Before the Executor runs, the Orchestrator prints the full plan for user review: the goal, a context summary, the list of files to modify, the list of files to create, the step sequence, verification criteria, and a risks section noting anything that could go wrong or anything that was intentionally left unchanged. The user types y to proceed, n to abort, or revise to send feedback back to the Planner for another pass. Nothing is written to disk until the user has confirmed. This approval gate is the part of the system most coding agents skip, and it is the part that makes the system safe enough to run on code you care about.

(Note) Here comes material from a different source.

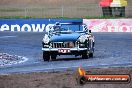 Jagaur Car Club Victoria track day Winton 25 07 2015 - SH2_6829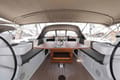 Enjoy Croatia with Sailboat Luna 77 rental | Yacht4Less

What Editor-Level Access Would Unlock
The in-memory shadow workspace is a useful approximation but not a complete one. A real hidden editor window has the full project loaded into the language server with all its cross-file context, module resolution, and type checking state initialized from the start. The textDocument/didChange approach works for most edits, but occasionally misses diagnostics that depend on file system state the in-memory representation does not capture, particularly around module resolution for dynamically imported paths. Fixing this category of false negative requires owning the editor, not the file system.
There are three other capabilities that require editor-level access. The first is inline diff rendering as edits stream in, so the user can watch changes appear character by character rather than seeing a completed diff at the end. The second is tab completion interception, which requires knowing the precise cursor position in real time and predicting what the user is about to type in context. The third is a dedicated apply model: Cursor trains a separate fine-tuned model specifically for applying diffs, distinct from the model that generates the edit plan. Generation and application are different enough tasks that they benefit from different training objectives, and the apply model improves commit accuracy measurably.
What I Learned
The hardest part of building Anvil was not the LLM integration. The Anthropic API is straightforward. Tool use, streaming, context management: none of it was surprising. The hard part was the LSP protocol: understanding the JSON-RPC framing, the initialize handshake, the capability negotiation, and especially the silent failure mode of publishDiagnostics. The interesting problems in coding agents are almost entirely in the scaffold around the model, not the model itself. Getting the model reliable, grounded feedback from the tools it is using, in a format it can act on, is where the real work is. The next step is building this at the editor level, where the feedback loop is tighter and the diagnostics are more accurate.